Deutschlandfunk, 22.11.2010 von Ludger Fittkau

 

Bisher wurden die Weinbau-Studiengänge in Geisenheim gemeinsam von den Bundesländern Hessen und Rheinland-Pfalz getragen. Die Landesregierung Rheinland-Pfalz hat nun den Geisenheim-Staatsvertrag mit dem Nachbarland gekündigt.

„Geisenheim hat eine weltweite Anerkennung, gehört neben Montpellier und St. Michele zu den drei großen internationalen Wein-Universitäten“,sagt Günter Eymael, Parlamentarischer Geschäftsführer der FDP-Fraktion im rheinland-pfälzischen Landtag.

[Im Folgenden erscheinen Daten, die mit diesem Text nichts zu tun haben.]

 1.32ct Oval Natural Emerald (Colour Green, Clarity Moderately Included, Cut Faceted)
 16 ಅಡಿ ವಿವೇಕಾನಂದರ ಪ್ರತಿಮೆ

„Man hat hier die Forschung konzentriert, man sehr viel investiert in den letzten Jahren und rheinland-pfälzische Studierende haben davon profitiert. Der Anteil rheinland-pfälzischer Studierender liegt über 50 Prozent.“

Und dies, obwohl Geisenheim nicht in Rheinland-Pfalz liegt, sondern im hessischen Rheingau. Die Landtagsopposition aus CDU und FDP kritisiert, dass die SPD-Landesregierung nun die gemeinsame Finanzierung von Hessen und Rheinland-Pfalz für die renommierte Weinbau-Hochschule Geisenheim infrage gestellt hat.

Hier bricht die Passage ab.